Summer is also a great time to enjoy cold soups, like chilled gazpacho, pumpkin or mango soups. Enjoy your soup with a veggie wrap, bean and avocado wrap, tuna wrap or any other wrap you want to create.

In addition to eating healthy, organic, antioxidant-rich foods, it’s extremely important to keep up your physical activity during the summer months. Study after study shows the positive results of exercise on depressive symptoms. So the sooner you get started, the more quickly you’ll feel the results.

If you normally enjoy taking walks in the morning or afternoon but can’t take the heat, try changing your schedule so your walks occur at dawn or dusk when it’s a little cooler. Or if you live near an indoor shopping mall join the “mall walkers” for an hour or so of socialization and light exercise.

As far as more intense physical activity is concerned, there is no reason you can’t perform some basic exercises right in your living room with the A/C going at full blast.

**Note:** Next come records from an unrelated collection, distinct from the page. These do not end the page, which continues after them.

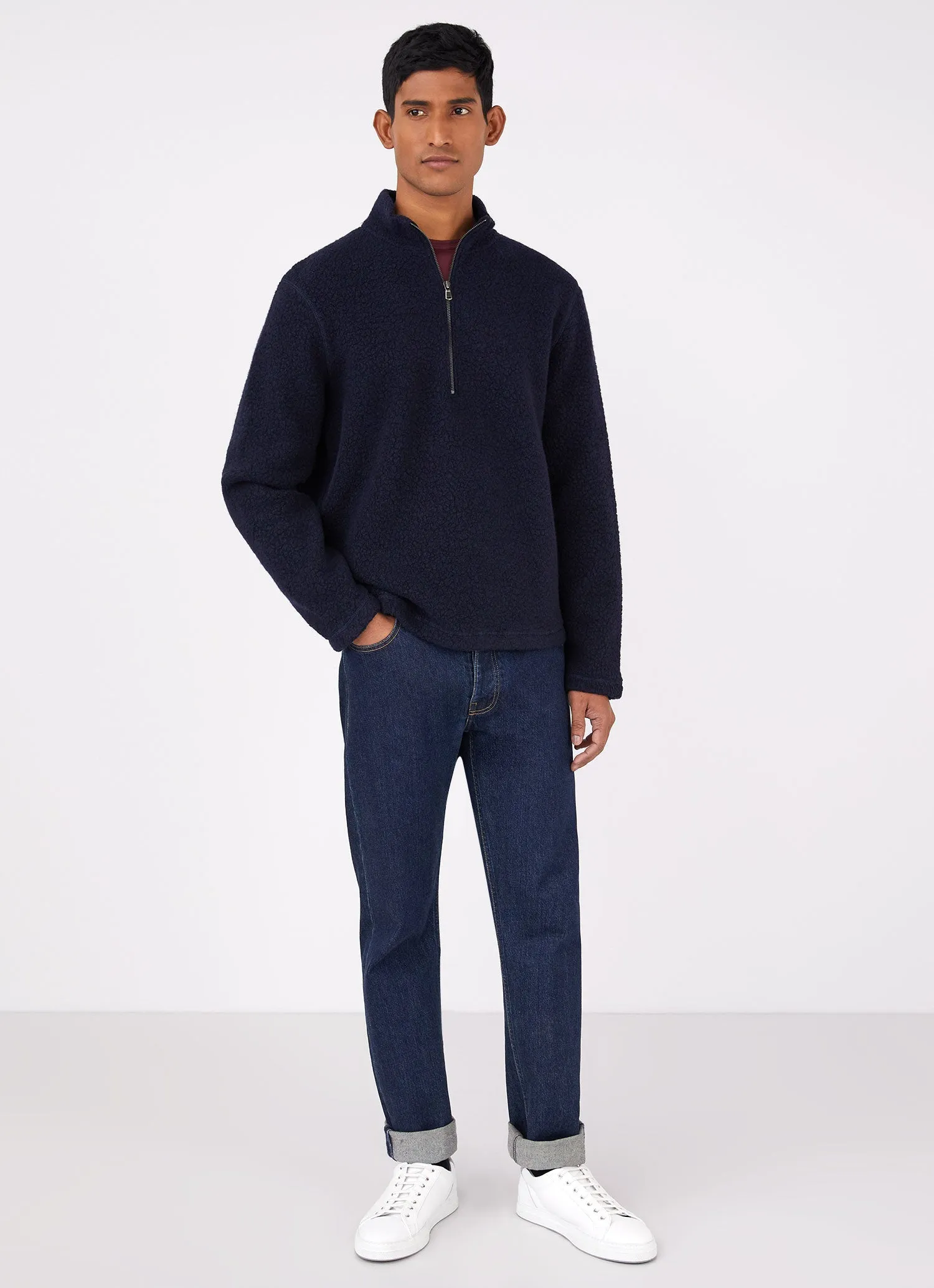 Men's Wool Fleece Zip Neck in Navy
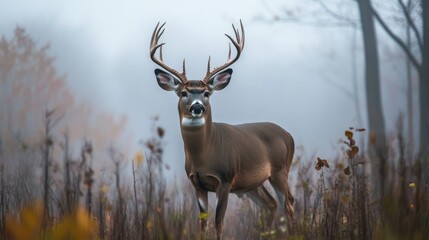 Fototapeta premium Stunning deer with impressive antlers standing in a foggy forest at twilight showcasing nature's beauty and serenity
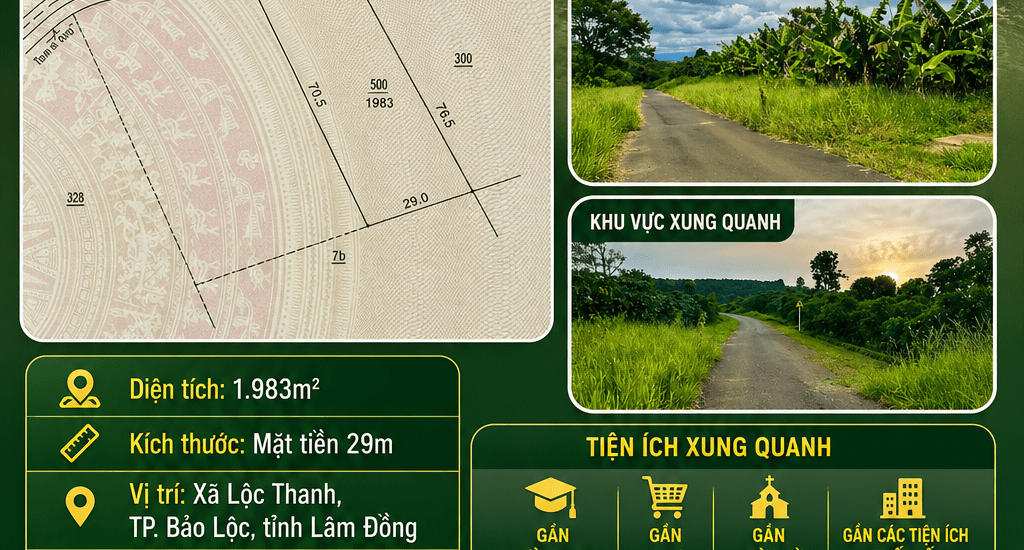 [A153] 2,8 TỶ - 1.983M2 ĐẤT SỔ HỒNG RIÊNG MẶT TIỀN ĐƯỜNG LÃ ĐÌNH CHÁNH XÃ LỘC THANH SÁT KHU DÂN CƯ
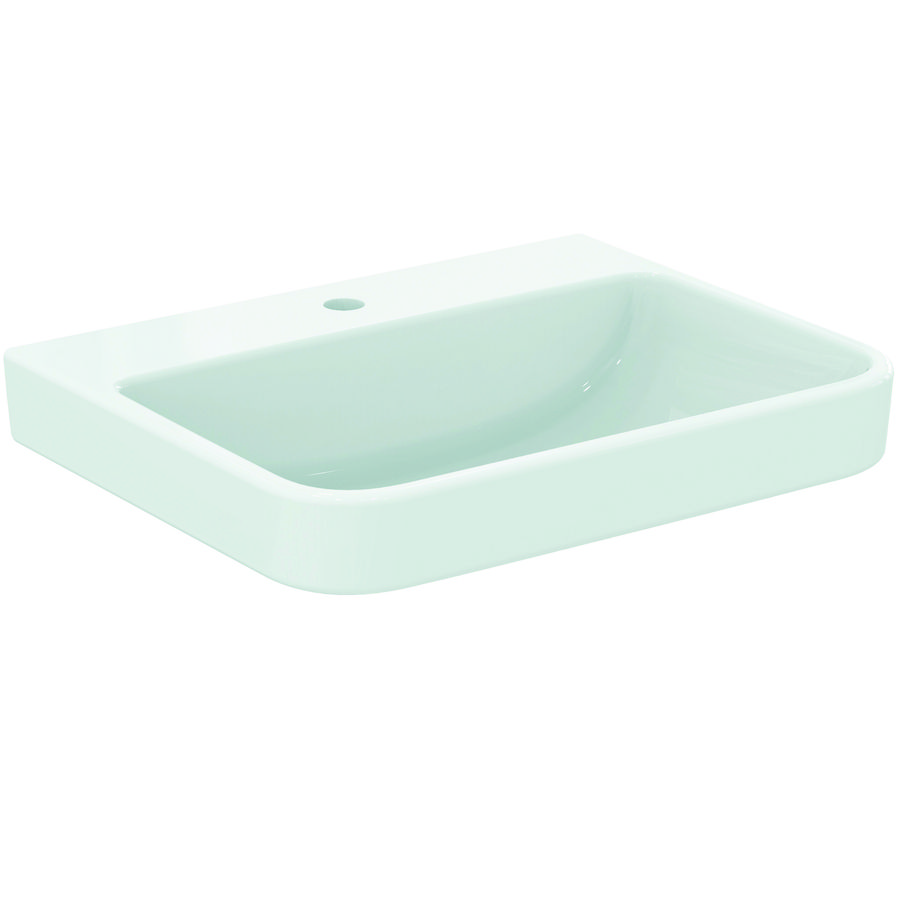 Wastafel 600x480x180mm m. 1 kraangat z. overl gl wit sg i.life b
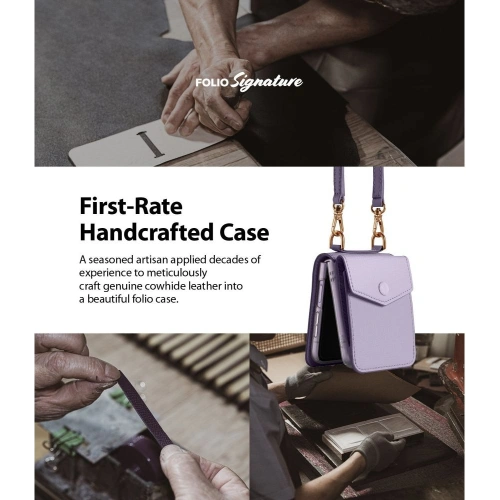 Kup Hülle Ringke Folio Signature Card Pocket Samsung Galaxy Z Flip 3 Light Purple - RGK1623PRP - {ean13} - Sklep Home Screen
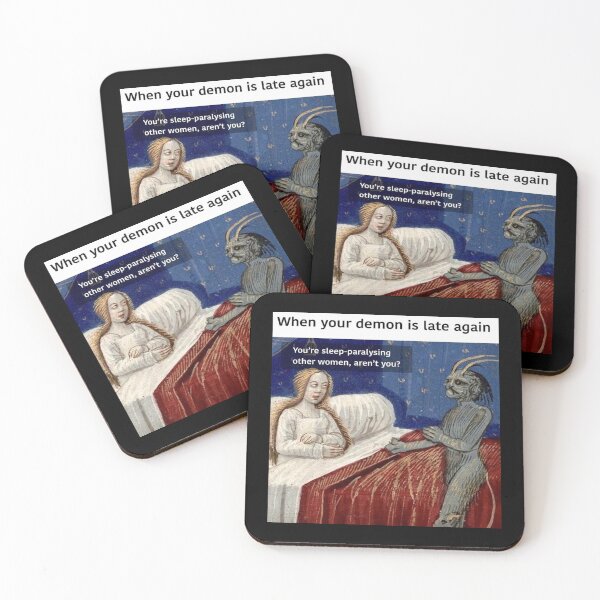 Item preview, When your demon is late again - Thanksgiving, Christmas And Birthday Party Gift Ideas for Classic Memes Lovers and Fans designed and sold by Memeing Everything.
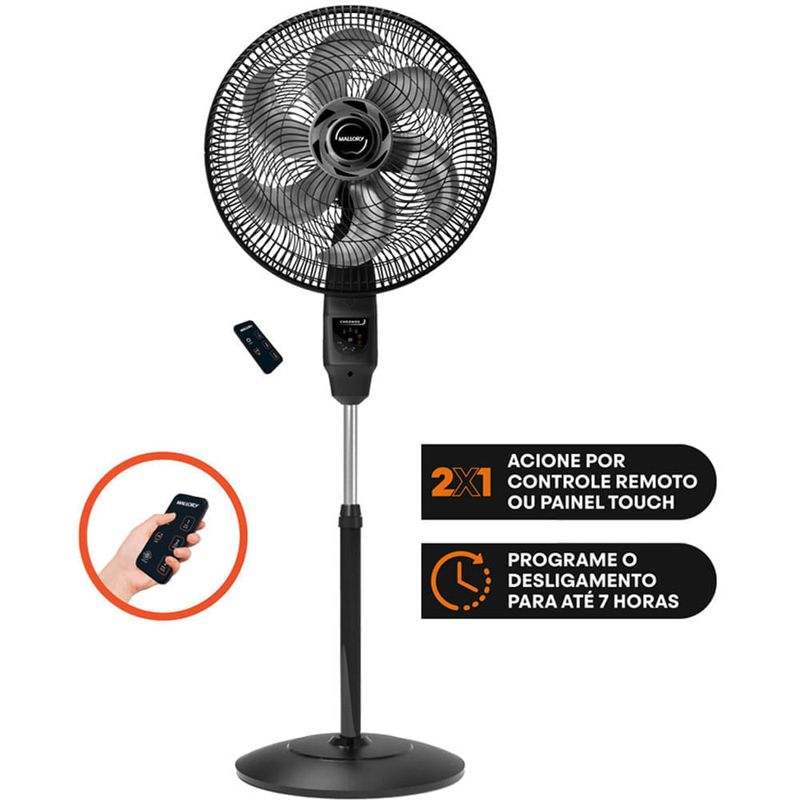 ventilador de coluna mallory chronos 40cm 6 pás 127v preto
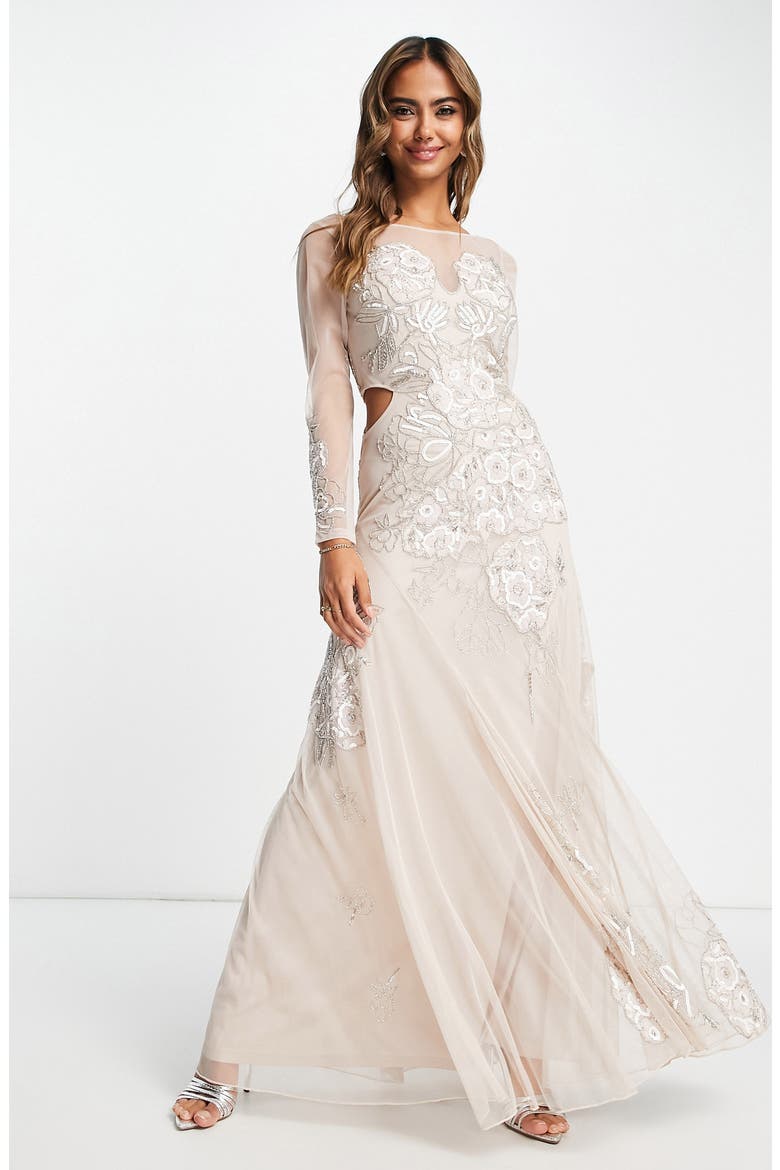 Floral Long Sleeve Maxi Dress, Alternate, color, NUDE
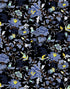 Mural de pared con estampado de flores en color azul y negro. Papel tapiz autoadhesivo con motivos florales botánicos tropicales. N.º 6437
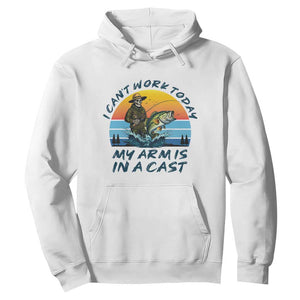 Funny Skeleton Camo Fishing Hoodie I Can Not Work Today My Arm Is In A Cast TS14 White Print Your Wear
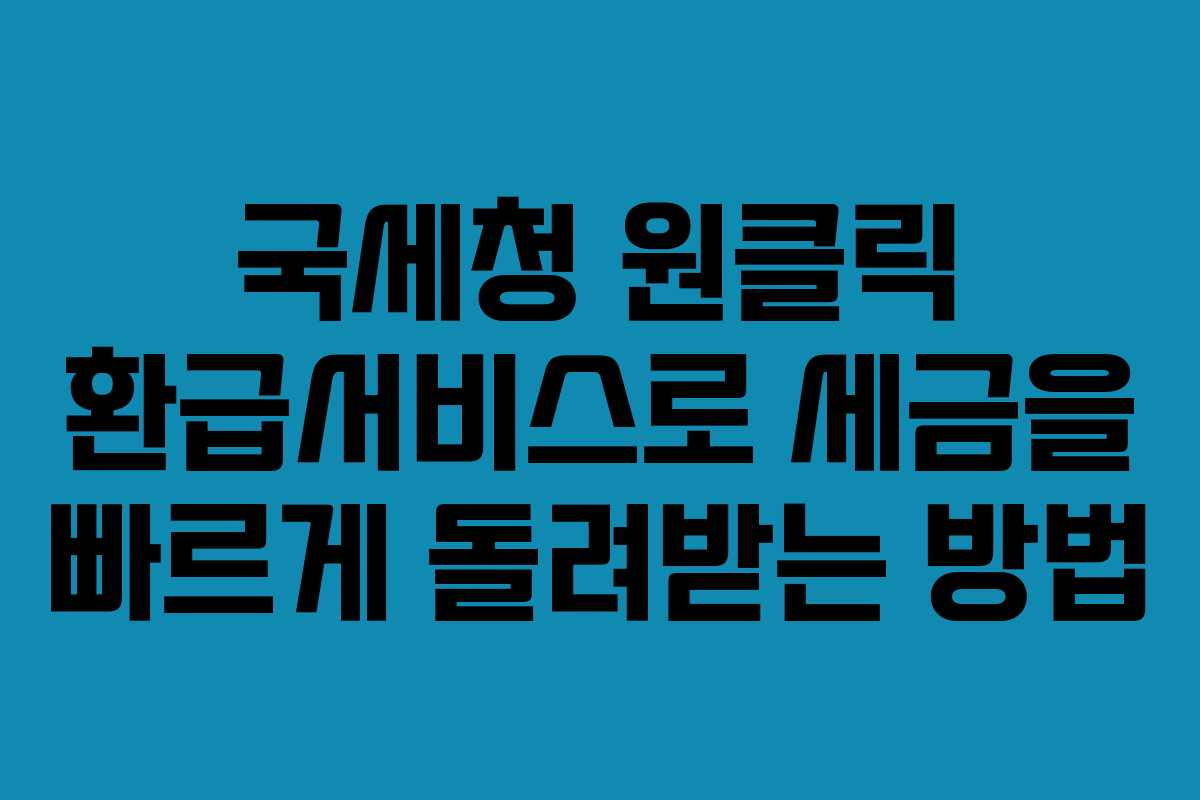 국세청 원클릭 환급서비스로 세금을 빠르게 돌려받는 방법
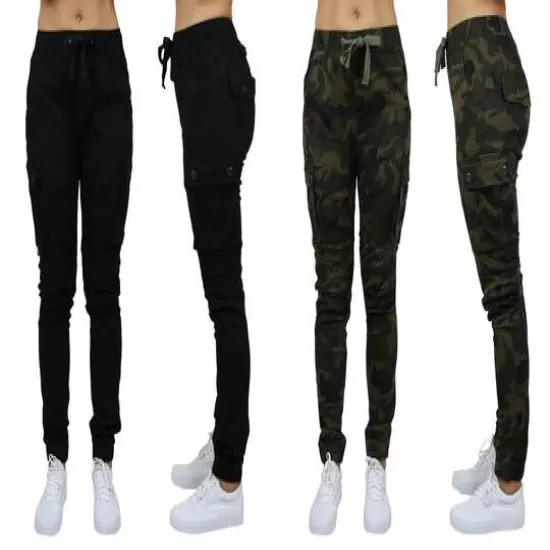 Galaxy By Harvic Loose Fit Cotton Stretch Twill Women's Cargo Joggers 2 Pack Black/Camouflage {1}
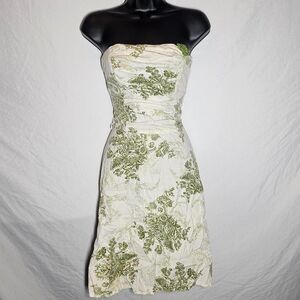vintage y2k 2000s ruby rox cream & green tropical whimsical strapless dress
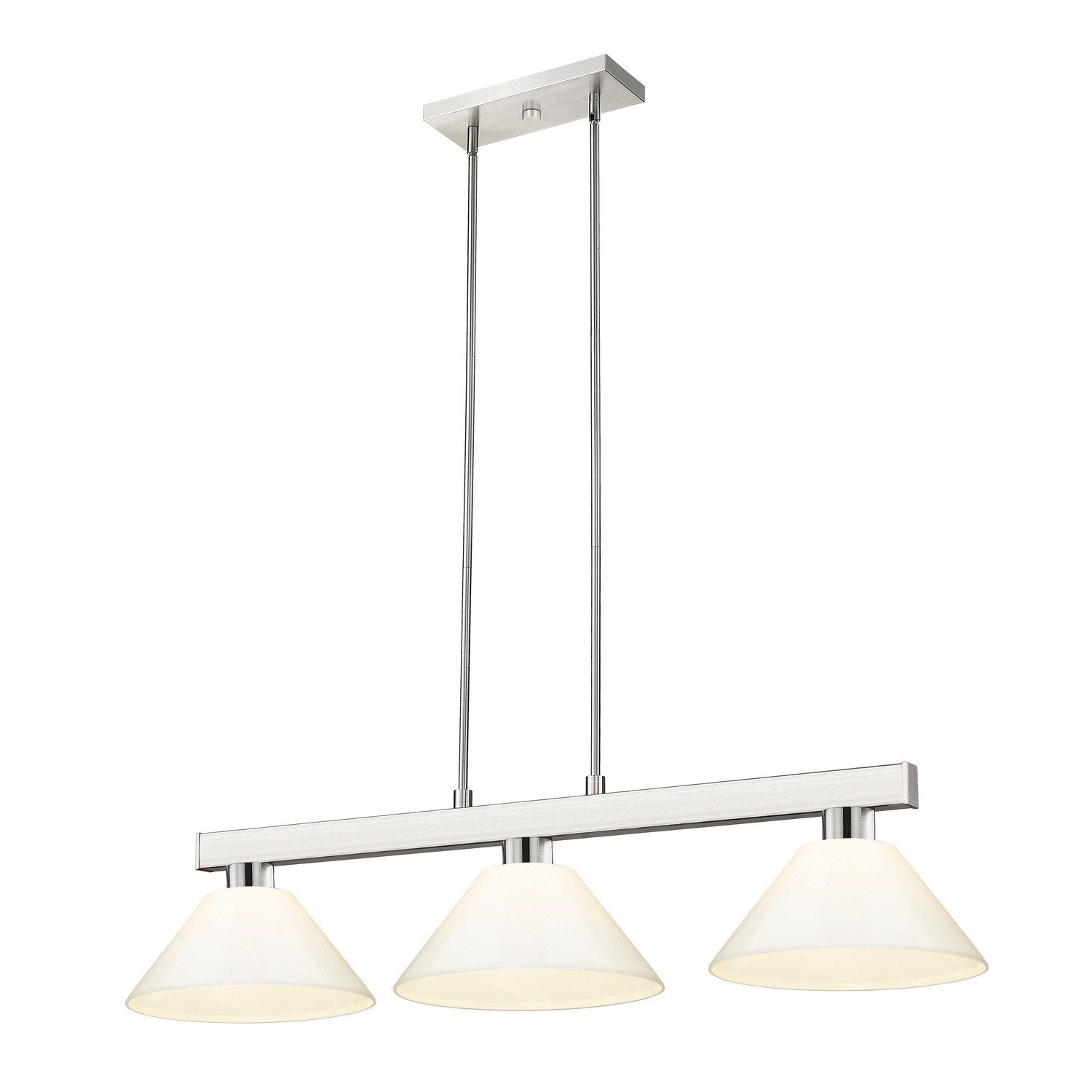 Z-Lite - 152BN-PWH - Three Light Billiard - Cobalt - Brushed Nickel
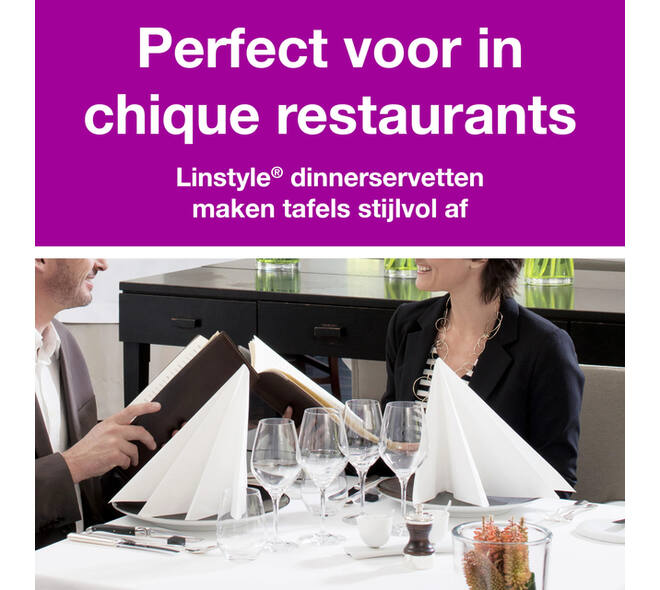 Dinerservet Tork Linstyle Premium 1/4 vouw 1-laags 390x390mm 50 vel wit 478722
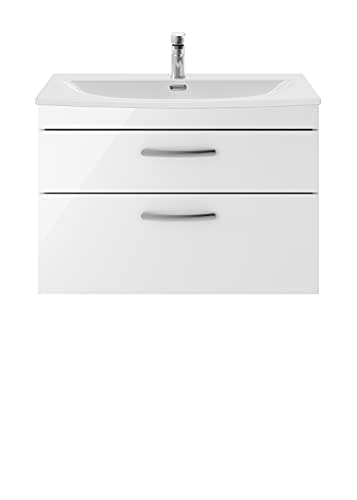 Image of nuie ATH069G Athena Modern Bathroom Wall Hung 2 Soft Close Drawers Vanity Unit with Curved Ceramic Basin with 30mm Profile, 800mm, Gloss White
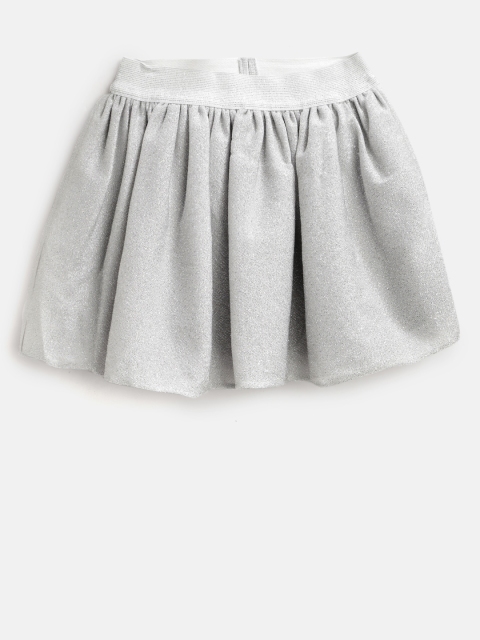 

OVS Girls Grey Solid Shimmer Flared Skirt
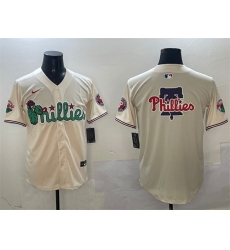 Men Philadelphia Phillies Team Big Logo Cream Phanatic Limited Stitched Jersey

Run or march in place. Get your planks and bridges in. Do your chair squats and wall push-ups. Just move!

Sleep Your Way to a Happier You

Since a disrupted circadian rhythm is tightly related to depressive disorders, it’s important to keep the same sleep/wake schedule during the long days of summer as the one you keep during the winter.

In other words, just because it gets dark later it doesn’t mean you have to go to sleep later.

I recommend turning your bedroom into a sleep oasis a good hour before your regular bedtime. At this time, slow down your activities, dim the lights and shut down the electronics. Give yourself time to wind down in this quiet atmosphere and sleep should follow.

If you still have a hard time falling asleep, take 3 to 4 mg. of melatonin about an hour before bedtime. (If you’re new to melatonin, begin at 1 mg and build up 3 or 4 mg.) This nutrient can work wonders when it comes to re-setting your natural circadian rhythm.

Then, wake up at the same time each morning and immediately seek light. Open the blinds and curtains. Sit outside while you sip on your tea or coffee. Enjoy breakfast on the patio.

The sooner you’re exposed to light each day, the more effect it will have on your natural rhythm to help relieve symptoms of depression.


McMartin SE, et al. The association between fruit and vegetable consumption and mental health disorders: evidence from five waves of a national survey of Canadians. Prev Med. 2013 Mar;56(3-4):225-30.

Ströhle A. Physical activity, exercise, depression and anxiety disorders. J Neural Transm. 2009 Jun;116(6):777-84.

Lyall LM, et al. Association of disrupted circadian rhythmicity with mood disorders, subjective wellbeing, and cognitive function: a cross-sectional study of 91 105 participants from the UK Biobank. Lancet Psychiatry. 2018 Jun;5(6):507-514.